Paulo também diz que “toda Escritura é inspirada por Deus” e útil para ensinar, corrigir e instruir, “a fim de que o homem de Deus seja perfeito e perfeitamente instruído para toda boa obra” (2Tm 3:16-17). O texto afirma a autoridade e a utilidade plena da Escritura; a formulação de “suficiência” é uma conclusão teológica posterior em muitas tradições protestantes.
Contexto histórico e teológico
A Reforma não nasceu de uma única causa. Houve, sim, escândalos ligados à venda de indulgências e à exploração religiosa. Houve também tensões políticas e econômicas, conflitos entre principados, disputas sobre jurisdição e o desejo de reformar a disciplina eclesial. O protesto contra práticas abusivas tinha fundamento, mas não esgota a complexidade do movimento.
Com o tempo, igrejas luteranas, reformadas e anglicanas produziram confissões, catecismos e artigos doutrinários para resumir a fé, proteger a comunidade e delimitar erros percebidos. Isso, em si, não era ilegítimo. Toda comunidade cristã precisa transmitir, resumir e ensinar.
O problema começa quando o resumo deixa de ser subordinado e passa a funcionar como filtro obrigatório. Em certos contextos, documentos confessionais passaram a ter peso normativo rígido, especialmente para ministros e professores. A confissão não foi abolida, mas ganhou função de guarda. Em algumas igrejas, críticos podem dizer que ela passou a funcionar, na prática, como lente dominante para ler a Bíblia.

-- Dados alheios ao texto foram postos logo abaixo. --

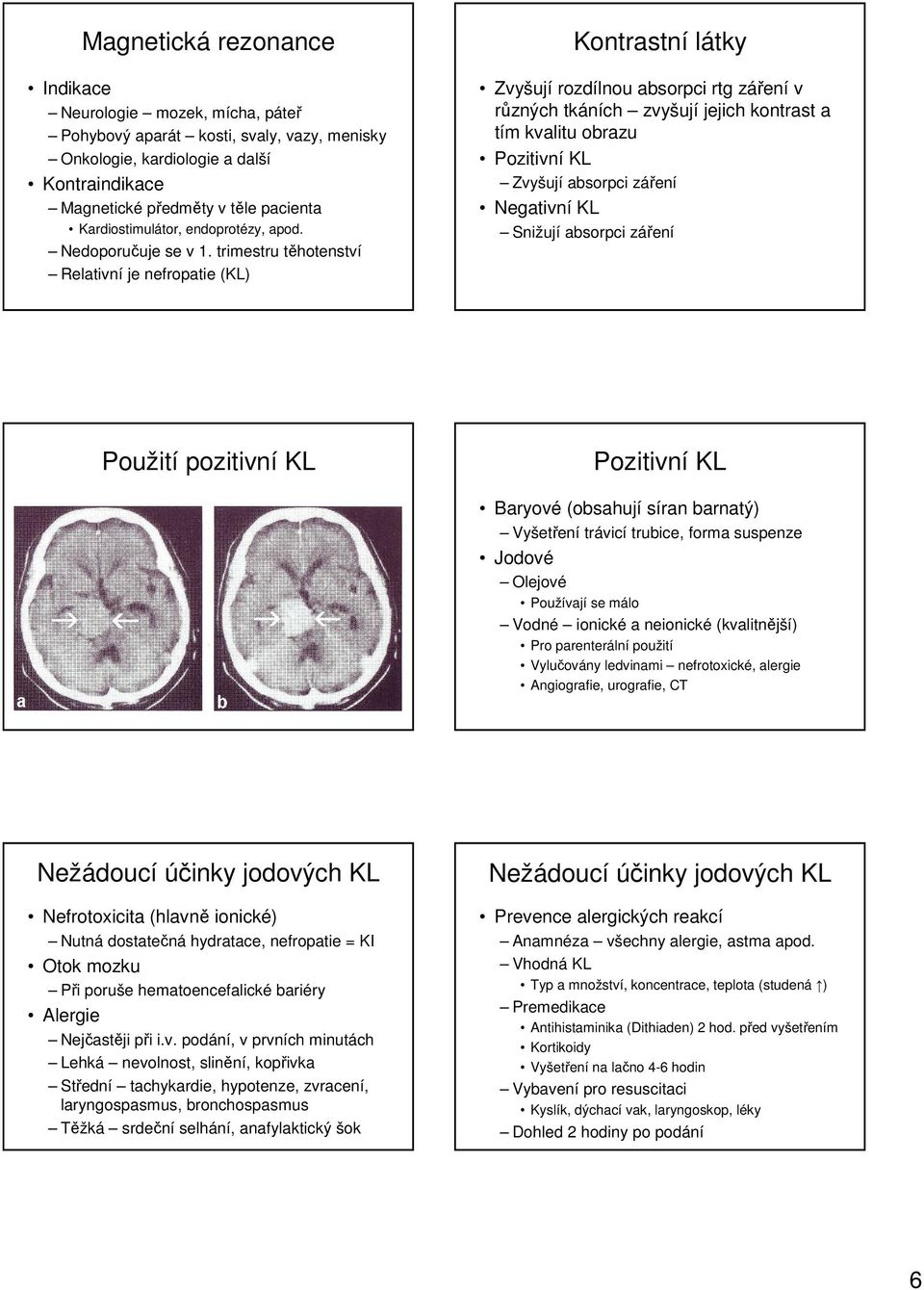 trimestru těhotenství Relativní je nefropatie (KL) Kontrastní látky Zvyšují rozdílnou absorpci rtg záření v různých tkáních zvyšují jejich kontrast a tím kvalitu obrazu Pozitivní KL Zvyšují absorpci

É aqui que a tradição protestante revela sua ambiguidade. Ela libertou consciências de abusos reais, mas também gerou novas fronteiras identitárias. Nem todo protestantismo é confessional do mesmo modo. Há tradições com subscrição estrita, há tradições com confissões mais flexíveis, e há comunidades quase sem peso confessional formal. Não existe um protestantismo único nesse ponto. Existe, porém, uma tendência humana recorrente: transformar qualquer marco doutrinário em barreira de pertencimento.
Análise a partir de Jesus
Jesus não mede a fidelidade de uma tradição pela idade dela, mas pelo quanto ela conduz ao Pai. Em Marcos 7 e Mateus 15, ele enfrenta uma religiosidade que usa a linguagem de Deus para desobrigar a obediência a Deus. Essa é a linha de corte.
Por isso, quando uma confissão protestante passa a ser tratada como intocável, ela pode repetir a lógica denunciada por Cristo — não porque confissão seja má em si, mas porque qualquer documento humano pode se tornar tribunal. Isso vale para Roma, mas não só para Roma. Vale também para Westminster, Augsburg, o Livro de Concórdia ou qualquer sistema que proteja sua própria formulação contra exame honesto.
Ao mesmo tempo, Jesus não legitima caos hermenêutico. Ele forma discípulos, corrige erros, envia seus seguidores e ordena que ensinem “todas as coisas” que ele mandou (Mt 28:19-20). Há, portanto, transmissão, aprendizado e comunidade. O ponto é a hierarquia correta: Cristo acima de tudo; a tradição, quando fiel, como serva; e nunca como senhora.
A leitura mais fiel ao caráter de Jesus não é nem o anti-institucionalismo ingênuo nem o confessionalismo rígido. É uma igreja que sabe ouvir, mas não idolatra seus próprios resumos. É uma fé que usa confissões como mapa, sem confundir mapa com território.
Conclusão
O texto bíblico mostra dois fatos ao mesmo tempo: Jesus condena tradições que anulam a Palavra de Deus (Mc 7:7-13; Mt 15:3-9), e Paulo reconhece um ensino recebido dos apóstolos que deve ser preservado (2Ts 2:15). Logo, tradição não é o problema em si. O problema é quando ela deixa de servir ao evangelho e começa a governá-lo.
Historicamente, a Reforma confrontou abusos reais e reabriu espaço para a Escritura em línguas acessíveis e em circulação mais ampla. Mas também criou novas estruturas confessionais, algumas delas com peso quase magisterial em certos contextos.
A questão decisiva permanece esta: quando um resumo humano passa a determinar o que Jesus pode ou não dizer ao leitor, a tradição voltou ao trono. E, nesse ponto, o protestantismo deixa de ser apenas protesto e passa a ser mais uma tradição em disputa com Cristo.